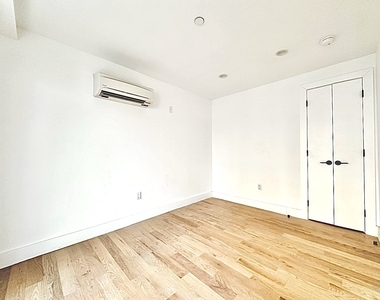 224 North 7th Street - Photo Thumbnail 2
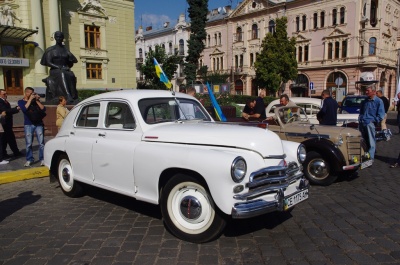 «Відновив авто з металобрухту»: учасники параду ретро-автомобілів у Чернівцях показали свої раритети (ФОТО)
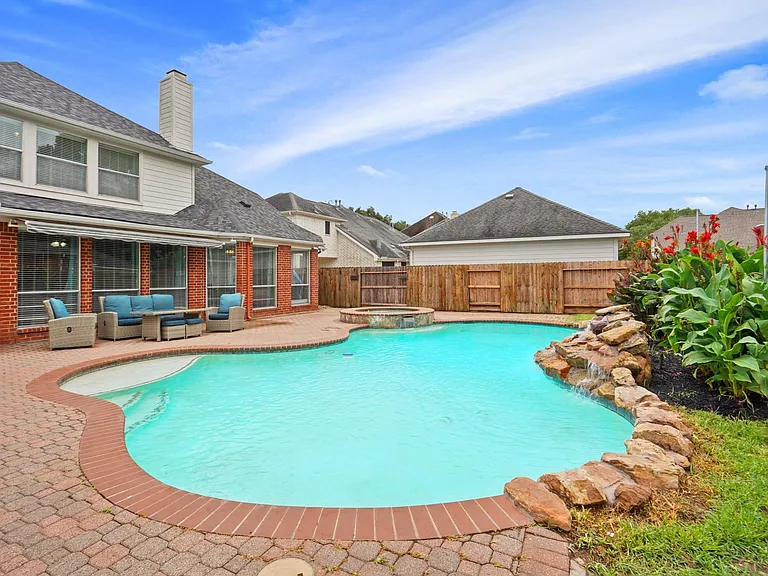 2911 Mossy Log Ct — Photo 3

────────

> **TASK DETAILS**:
Exclude the pictures. Write out the remaining data exactly.

> **RESPONSE AREA**:
 224 North 7th Street - Photo Thumbnail 2
 «Відновив авто з металобрухту»: учасники параду ретро-автомобілів у Чернівцях показали свої раритети (ФОТО)
 2911 Mossy Log Ct — Photo 3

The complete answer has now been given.